Later that night, David and Ross meet at the old see-saw, where Ross reaffirms that David has never stood up for himself, while David admits snitching to get Ross put in Juvenile hall. After a game of cat-and-mouse in the school after hours, David flees to his old childhood hiding place in a cave. Ross chases him onto a waterfall and tells David that he always thought of him as a friend, before attacking him. David hits Ross with a piece of driftwood causing him to fall into the river. Fearing that he has killed his enemy, David tries to turn himself over to the police, only to find that the cops are out. Ulf drives David to his home while he tries to find Ross' body. After a talk with Art, David attempts to go to sleep only to be ambushed by Ross. The two men fight once again until Kirby and Ben come in and reveal that they've made up and encourage their fathers to do the same. Ross reveals he stole the moon rock because he wanted to be an astronaut. It is also shown that during their recent fight, Ross' "fang" was chipped. They finally patch things up.

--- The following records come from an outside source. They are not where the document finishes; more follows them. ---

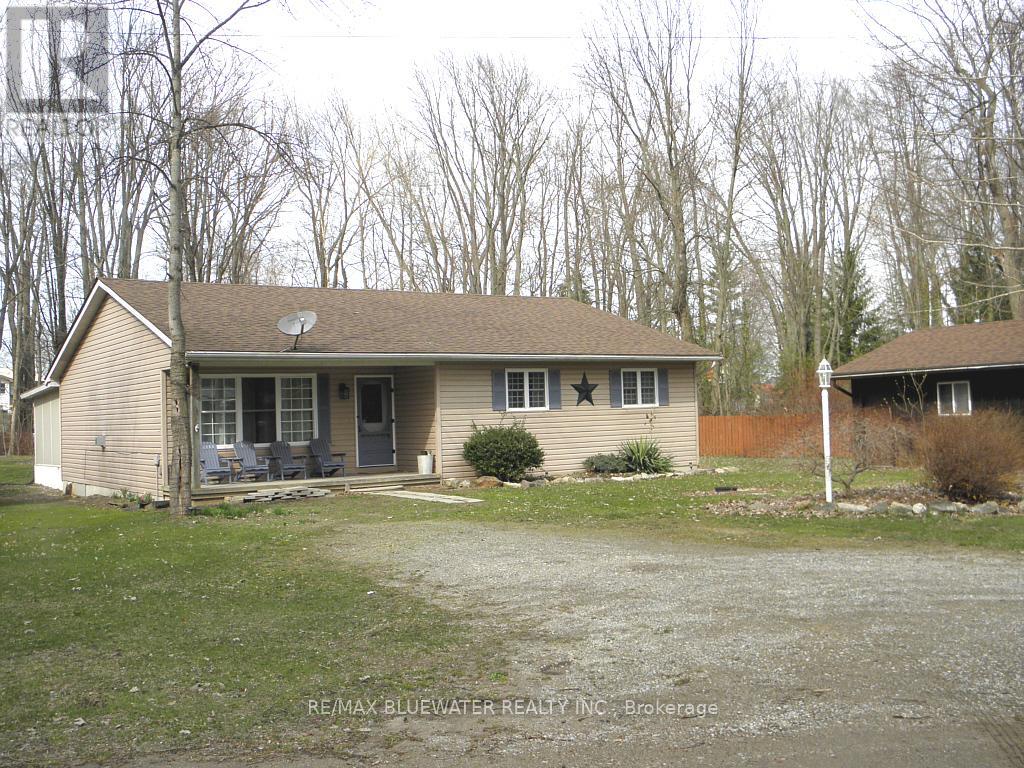 6238 LONDON ROAD, Lambton Shores, Ontario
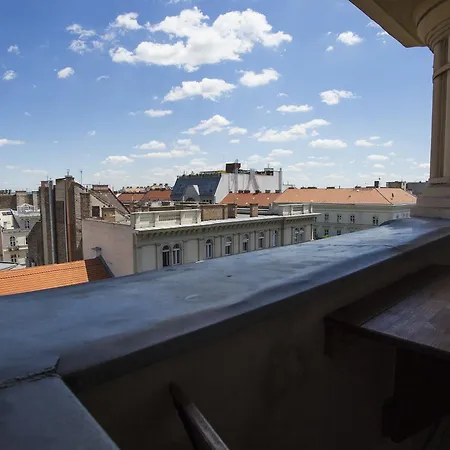 Rooftop Gæstehus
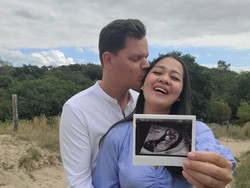 7 Gaya Gracia Indri Perdana Pamer Baby Bump Kehamilan yang Sempat Ditutupi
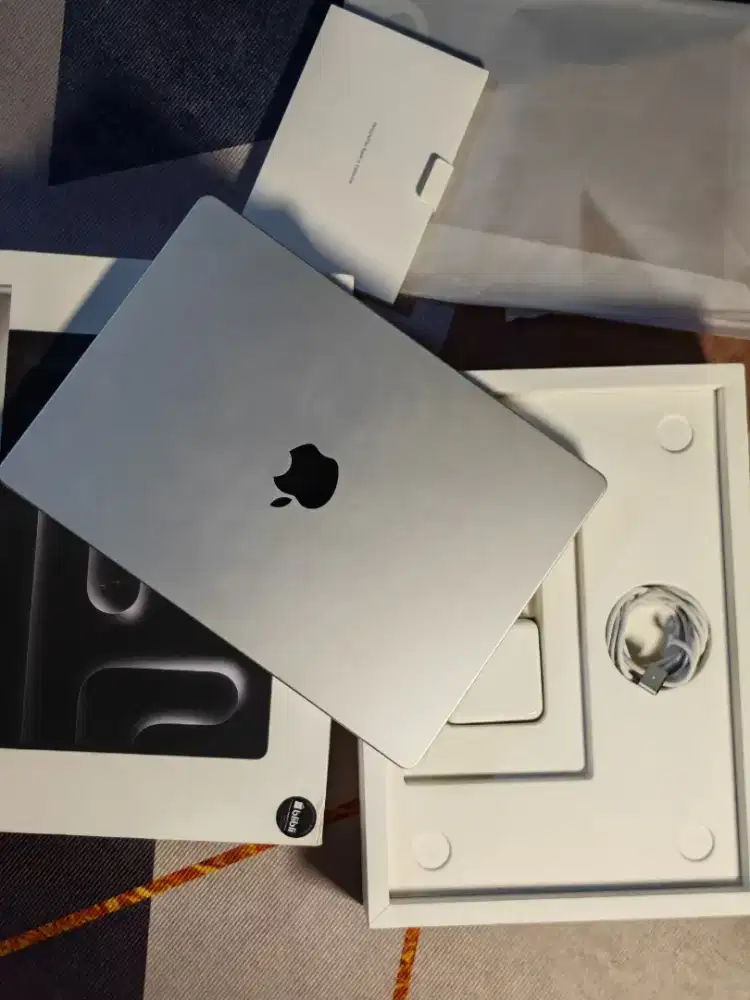 macbook pro m3 8/512GB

After finishing the semester and with nothing left for him in Hastings, Minnesota, David begins to pack up to move to New York. He has Victoria return Green Eggs and Ham to the school library for him. Ross arrives and has a goodbye present for David: an Evel Knievel action figure identical to the one David had as a child before Ross threw it into a river. David invites them to visit, and the changed family leaves. Ross hooks up his mobile home to his truck, and follows David, telling his family they have been "invited" to come to New York and that's why they call it a "mobile home."

==Production==
In October 1992, the first 29 pages of the Mark Steven Johnson spec script Big Bullies were sold to Warner Bros. Pictures, described as The War of the Roses in a corporate office with the story originally following a young television executive whose bully from grade school is hired by the network boss to step up inner office competition.

In January 1993, it was announced the script, now titled Big Bully, had been acquired by Warner Bros. for Lee Rich Productions. In April 1995, Morgan Creek Entertainment announced the film had begun production starting in February with Tom Arnold and Rick Moranis for the leads. In July of that year, it was reported that Arnold had taken a day off from his The Stupids to perform a day's worth of reshoots on Big Bully.

==Reception==
The film was a box-office bomb, grossing only $2,042,530 from an estimated $15 million budget.

The film was a critical failure, with a 0% rating on Rotten Tomatoes based on reviews from 8 critics.
Lisa Schwarzbaum of Entertainment Weekly gave the film a grade of C and wrote: "within its genre (i.e., corny dum-dum comedies ostensibly appealing to young boys but actually appealing to their 35-year-old movie-exec dads nostalgic for their childhoods), [the film] is not a big stinker. There are a few satisfyingly funny lines of dialogue, and there are two sly throwaway appearances."

Audiences surveyed by CinemaScore gave the film a grade of "C" on a scale of A+ to F.

Arnold tied with Pauly Shore for a 1996 Razzie Award in part for his role in Big Bully as well as for Carpool and The Stupids. He also "won" Worst Actor for the same movies at the 1996 Stinkers Bad Movie Awards; said movies were also dishonourable mentions for Worst Picture.